> [RECORDED DATA]:
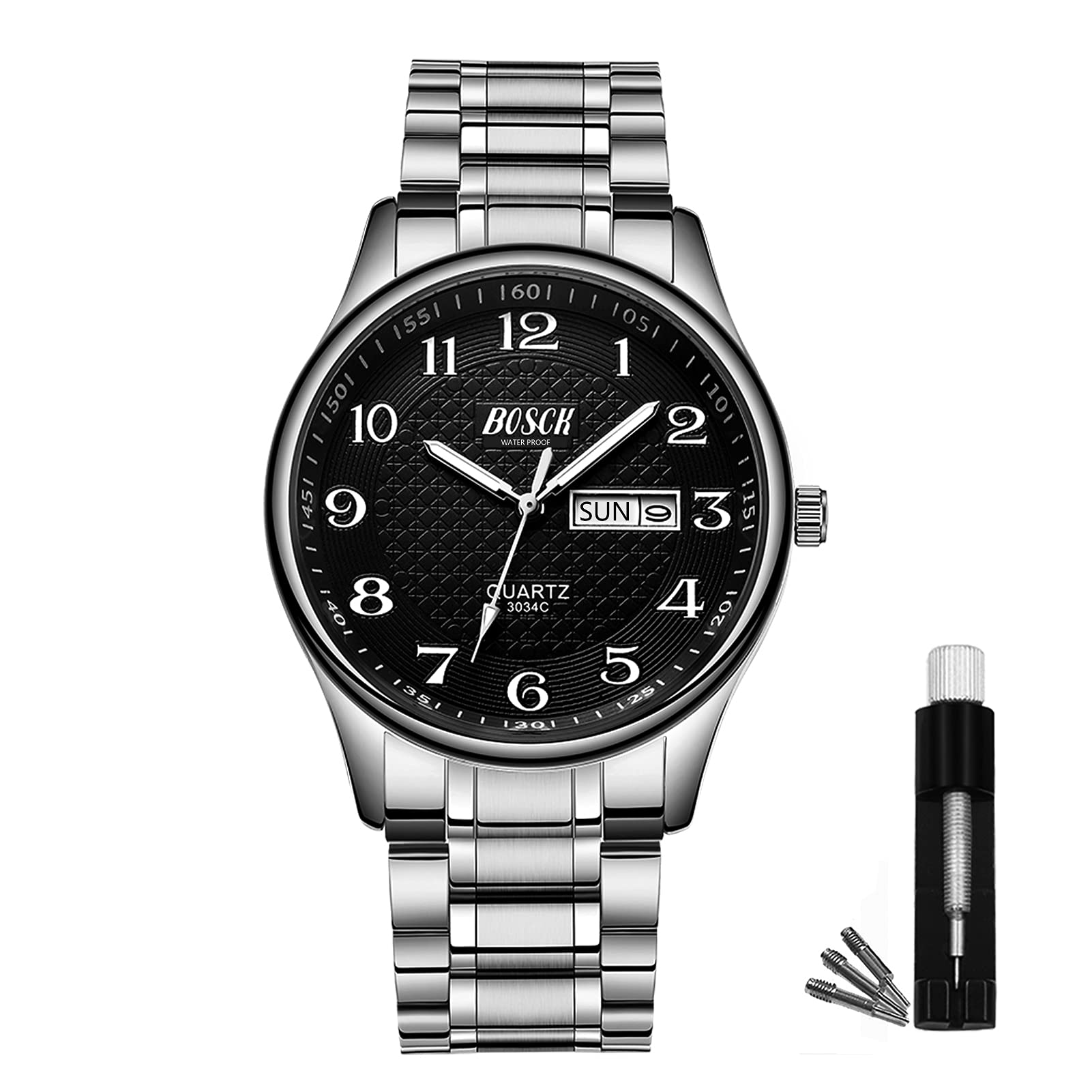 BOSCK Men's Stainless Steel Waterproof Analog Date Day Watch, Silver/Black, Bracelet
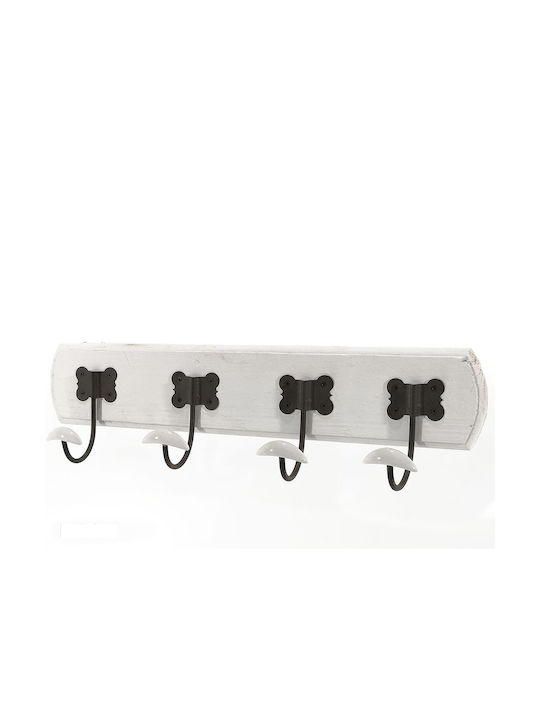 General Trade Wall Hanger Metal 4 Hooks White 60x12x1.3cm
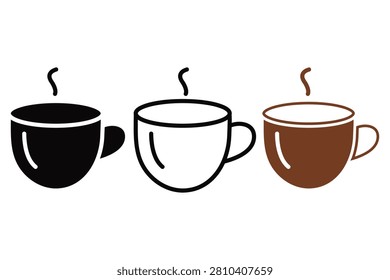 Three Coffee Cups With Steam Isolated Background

> [WHAT THE TASK REQUIRES]:
Transcribe the lines that run from the line bearing "General Trade Wall" through the last line of the data. Keep the wording exact and leave out every picture.

> [EXERCISE OUTPUT]:
 General Trade Wall Hanger Metal 4 Hooks White 60x12x1.3cm
 Three Coffee Cups With Steam Isolated Background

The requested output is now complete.